If you were to ask me what the four of us have in common, I don't know that there would be much more than a handful of things I could cite. We all pretty much liked the same things as kids, but that surely changed in our post-high school years. They all like to say that I'm my mother's favourite, and perhaps I am. If indeed it's true, I wonder sometimes how that might have come to be. I don't think that I was really any different in the way I acted towards her as a kid than did my brothers. I didn't really excel as a student or anything. Might it have been that I was more productive in the Mothers Day cards and such than they were? Probably not.
I have also wondered many times about why I was the only one (that I can recall) to get piano lessons. Also, I was the only one to have received encouragement with my knack for drawing, having received a "How To Draw" kit which was based on a television show we would watch.
As for the piano lessons, my mother used to tell me that I could be the next Liberace. He was somewhat popular at the time (so that was her motive, I guess) and turning classical music on its ear a bit with his penchant for flamboyance, and the manner in which he injected a modern pop-ish edge to classical tunes. An ever-present candelabra was his signature, as were his gaudy diamond rings and sequined tuxedos.
Hah! You don't know how relieved I am now that that wish didn't happen to come true!
I dropped piano lessons after a couple of years as I had other things on my mind, I think. Baseball was still my activity of choice and I was beginning to notice girls with a bit more of an interested eye (distancing me further from the Liberace mold! Heh!) and while I liked my piano teacher, Pat Perlaky, a lot, I just didn't have the ambition to continue. I think that I performed one recital at Pat's home along with a couple other of her students. I don't recall much about it, except that it wasn't anything exceptional.
Back to the brothers...
For some reason, I took more to social causes (anti-war, pro-environment) during high school than my brothers did. Jim, the youngest, didn't really experience the angst about going to Vietnam, but the rest of us did. Bob, the oldest, joined the Air Force at some point. I Believe he enlisted. Thankfully, for whatever reasons, he never had to serve on active combat duty. His life then took turns that have pretty much been shrouded in mystery (for me) ever since. At any rate, Bob was the only one to serve in the military and actually face the possibility that he'd be sent into a war zone.

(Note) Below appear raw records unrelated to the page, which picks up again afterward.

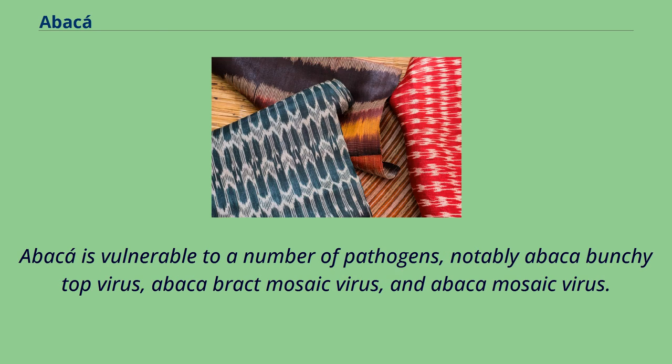Abaca is vulnerable to a number of pathogens, notably abaca bunchy top virus, abaca brach mosaic virus, and abaca mosaic virus.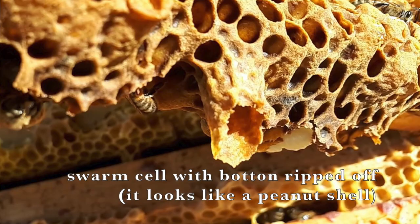If a colony decides to swarm, the worker bees will create what they call swarm cells. They're trying to create a queen they can leave back in the hive with half the bee population, while the current queen and the other half take off looking for a new home. The workers make these swarm cells and then stop feeding the queen to lighten her up so she can fly to a new home.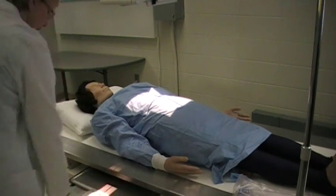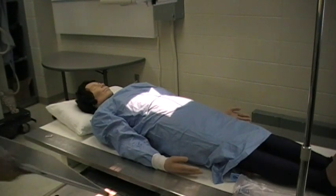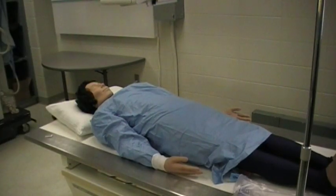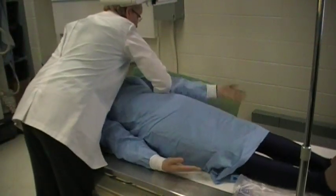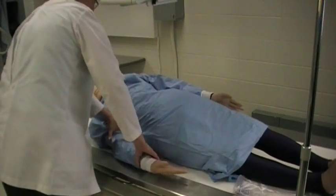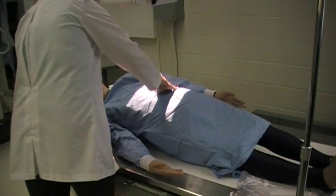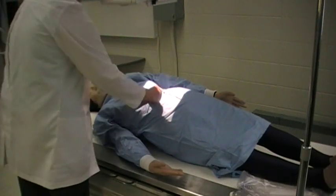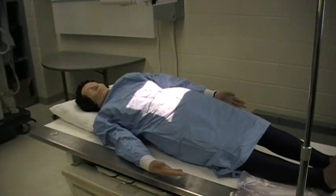The next will be the AP oblique — I'll be doing the RPO next. Your patient will be at an angle of 25 to 45 degrees. I'm going to use a positioning sponge to help the patient stay at the proper angle. A lot of patients can just hold this angle, so if that's the case you will not need to use the sponge. Find the crest — your longitudinal line will be one to two inches on the upside of midline.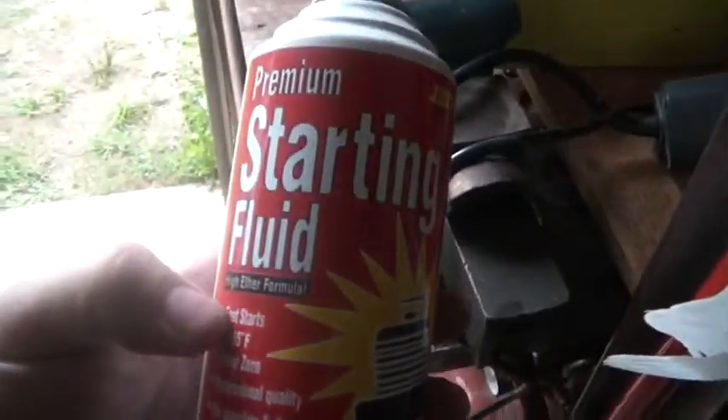Part of the problem with touching a mouse nest is you can catch what is it - the hantavirus or whatever - even just from inhaling it. So I wanted to make sure I killed the germs, and I sprayed it with this starting fluid and soaked it pretty good.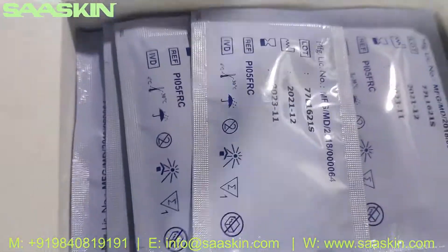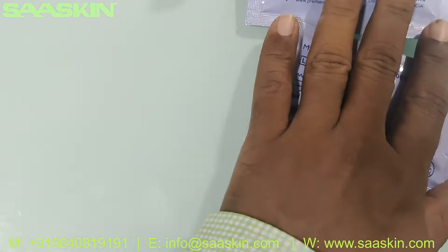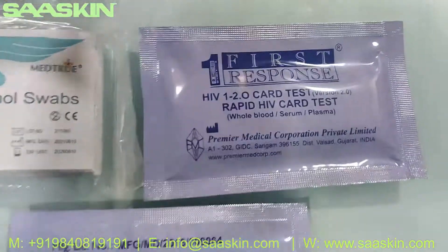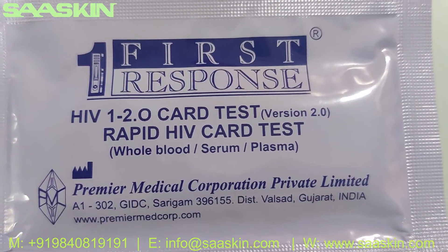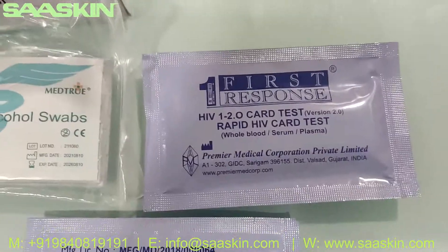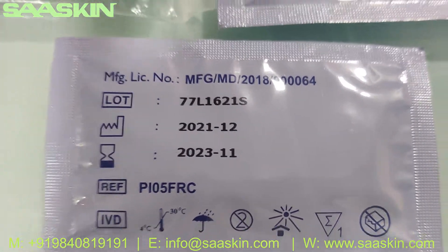Further inside the box you have 30 test cassettes, individually packed. You can see the test cassettes — First Response HIV 1 and 2 antibody card test. Basically this is a WHO-approved kit, which is the key feature here. On the other side of the cassette you can see the two-year validity period.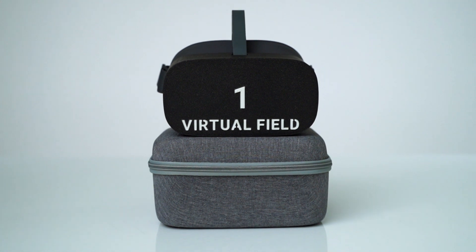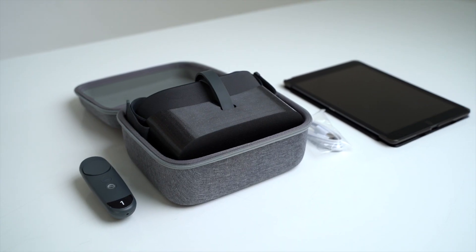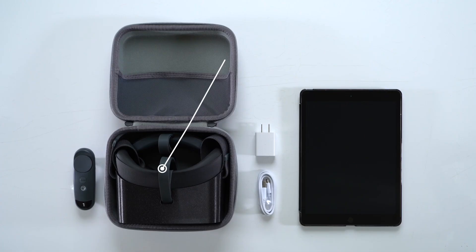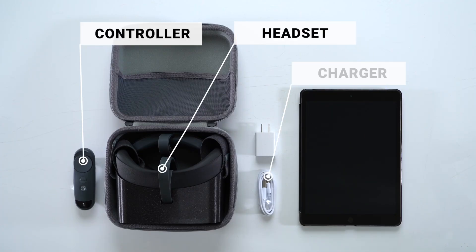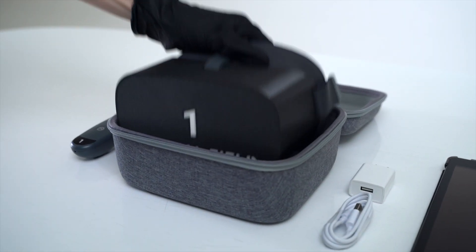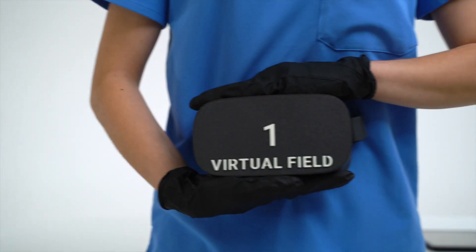Virtual Field is the perimeter that your patients and staff will love. Every instrument comes in a handheld carrying case. Inside the case is a headset, controller, charger, and 50 disposable hygiene covers to keep your device clean in between uses. It's small, light, and completely wireless, so you can start testing in any room of your office.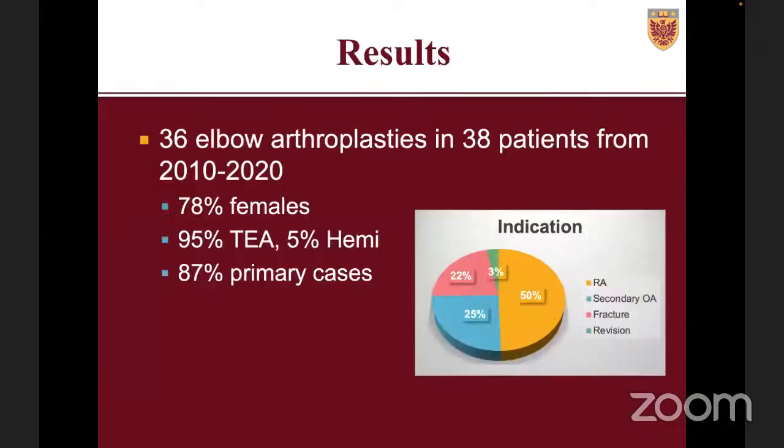I've been using this approach for about six years now, and Dr. Getz has been using some form of it for over 10 years. From 2010 to 2022, we had 38 arthroplasties in 36 patients — 78% female, 95% total elbow arthroplasties and 5% hemiarthroplasties, 87% primary cases and the rest revisions. The indication was rheumatoid arthritis in about 50%, fracture in about 25%, post-traumatic OA in about 25%, and only about 3% revisions.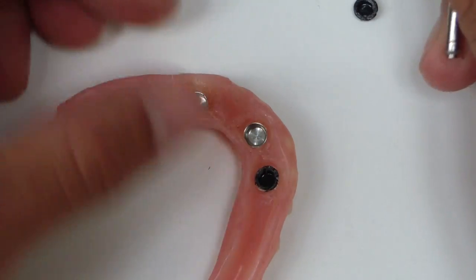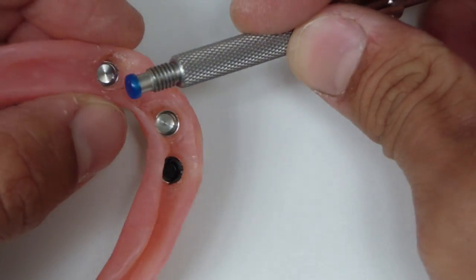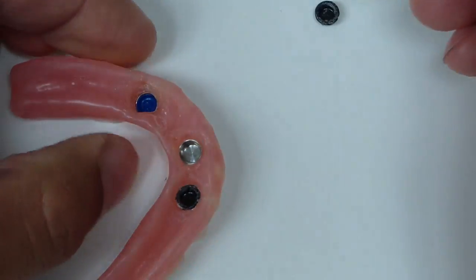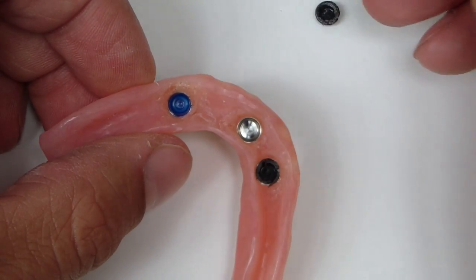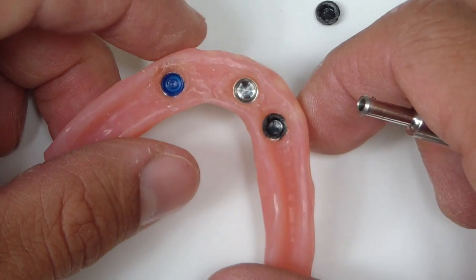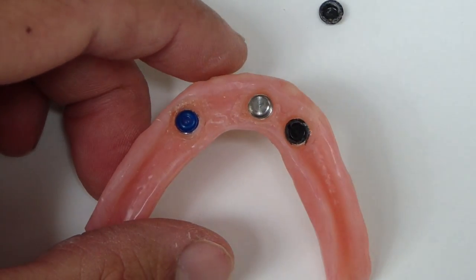We're going to start with the blue nylon insert — you can see it here — and we'll just place that into the denture now. Just like that. We typically start patients off with the blue, which is the light retention at 1.5 pounds. They increase up to 5 pounds. So I hope that helps. Cheers.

Mike also was of age with regard to the draft but lucked out. I recall watching one of the Selective Service's lotteries as it was broadcast on television, and his number (they used birthdates, if you're not familiar) never came up very high. Neither did mine, but by the time I was old enough to serve, Nixon had finally pulled the troops out. Mike tried to enlist, but Mom decided to get him braces for his teeth, thereby also getting him a deferment. Sneaky.
Considering that we're within three years of each other, and went to high school at about the same time (I was a freshman when he was a senior), it's beyond me how he never developed much of a social conscience. Many of his friends were peace activists to some degree, and environmental activists, but he didn't follow that path. Years later, when talking politics (he's a "Reagan Republican"), I posed the question (with regard to the environment), "Do you want your grandchildren and great-grandchildren living in such a polluted environment?" and he essentially dusted it off with, "What the hell do I care? I'll be dead." I suppose that's the typical libertarian response.
I never really knew Bob(by) that well growing up, to be honest. He's nine and a half years older than I am and I'm guessing that he left the house for the Air Force before I was even ten years old. I still recall a night which I recall him being around but we didn't really live in the same house for that long of a time. Oddly enough, I feel that I'm more like Bob in certain ways. He's always been a dreamer, I think... always having his sights set on something that would eventually be out of reach. And I think I have similar tendencies at times. I tend, however, to keep my dreams reined in a bit, closer to the vest and a little bit more within reach.